Effect of The Dispatch Routine Returning STATUS_PENDING
To begin with a simple scenario, we will consider for now a single driver, without lower level drivers beneath 
itself and we will analyze how the I/O manager reacts to the NTSTATUS value returned by the driver 
Dispatch routines.
In this section we will discuss what happens when the I/O manager receives STATUS_PENDING.
The I/O manager returns this information to the program which initiated the I/O operation. 
To better understand how, we can use the test code. In order to perform this test, DispatchRead() inside the 
driver code must not do anything except returning STATUS_PENDING; all the rest must be commented out. 
In TestClt.cpp, it’s better to have the call to GetOverlappedresult() and the code below it, which tests its 
return status, uncommented.
If we execute the test client, we see that ReadFile() returns with ERROR_IO_PENDING and 
GetOverlappedResult() blocks. If we had tried to execute a synchronous read, ReadFile() would have
blocked.
It’s worth to note a few points here:
 for this to happen it is enough that the driver is returning STATUS_PENDING, regardless of whether 
it has called IoMarkIrpPending().
 if the client is making asynchronous I/O, control is returned to it.

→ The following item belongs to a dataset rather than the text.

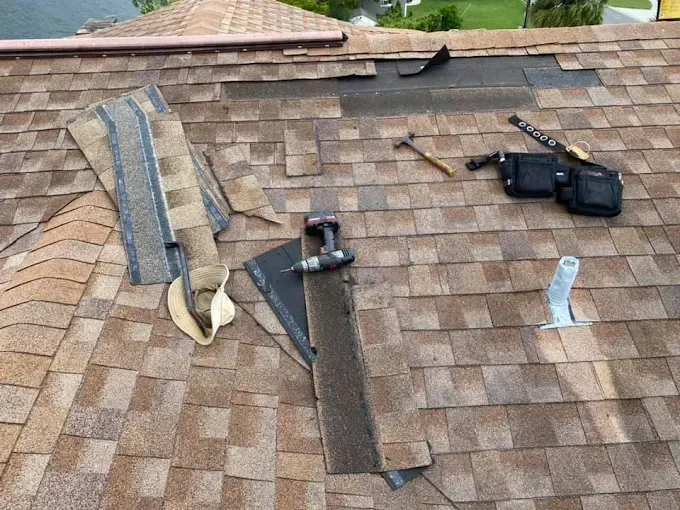 Roof with shingle repair materials and tools laid out on a brown asphalt shingle surface.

 in a highest level driver called directly by the I/O manager, the dispatch routine is called in the 
context of the thread which initiated the I/O operation (see, for instance, the section titled Dispatch 
Routines and IRQLs in the DDK Help). This means that only when the dispatch routine returns, the 
user mode caller may get something back. For instance, calling IoMarkIrpPending() does not mean 
the user mode thread returns from the I/O API with ERROR_IO_PENDING. Actually, the user mode 
thread is the same one who is living in kernel mode and executing the dispatch routine.
If the dispatch routine just returns STATUS_PENDING, without doing anything else, the I/O never 
completes. Even an attempt to terminate the process blocked on GetOverlappedResult() fail: the process 
does not close.
Furthermore, if the thread does not call GetOverlappedResult() so that it does not block, and tries to go on 
until it terminates, its termination is suspended, because of the unfinished IRP.4
It’s possible to observe this with the test code by commenting the call to GetOverlappedResult() in the test 
client: the program executes until it returns from wmain(), but then does not close.

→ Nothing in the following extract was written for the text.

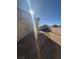 View of the backyard and the patio area; backyard needs landscaping at 1013 Adobe Flat Dr, Henderson, NV 89011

It turns out that to allow the process to terminate, we should handle cancellation of IRPs. An excellent 
explanation of how to do this can be found in [3].
Proper completion of a pending IRP
Everybody has probably been told too many times that, in order to properly handle a pending IRP we should:
 call IoMarkIrpPending()
 queue the IRP for some later processing (StartIo(), etc.)
 return STATUS_PENDING
 the code doing the later processing will call IoCompleteRequest() for the IRP.
The call to IoCompleteRequest() may happen in a different thread from the one executing the dispatch 
routine. It may happen after the dispatch routine returns with STATUS_PENDING, or even before it does.
[1] explains that IoCompleteRequest() does the following:
 calls an eventual completion routine attached to the IRP
 checks inside the current I/O stack location for this IRP, looking into the Control field. If the 
SL_PENDING_RETURNED bit inside this field is set, it enqueues an APC for the thread which 
initiated the I/O operation (I am not beign 100% accurate here, but we will return on this later). This 
is the thread which executed the dispatch routine and which may have already returned 
STATUS_PENDING or may lie pre-empted inside the dispatch routine.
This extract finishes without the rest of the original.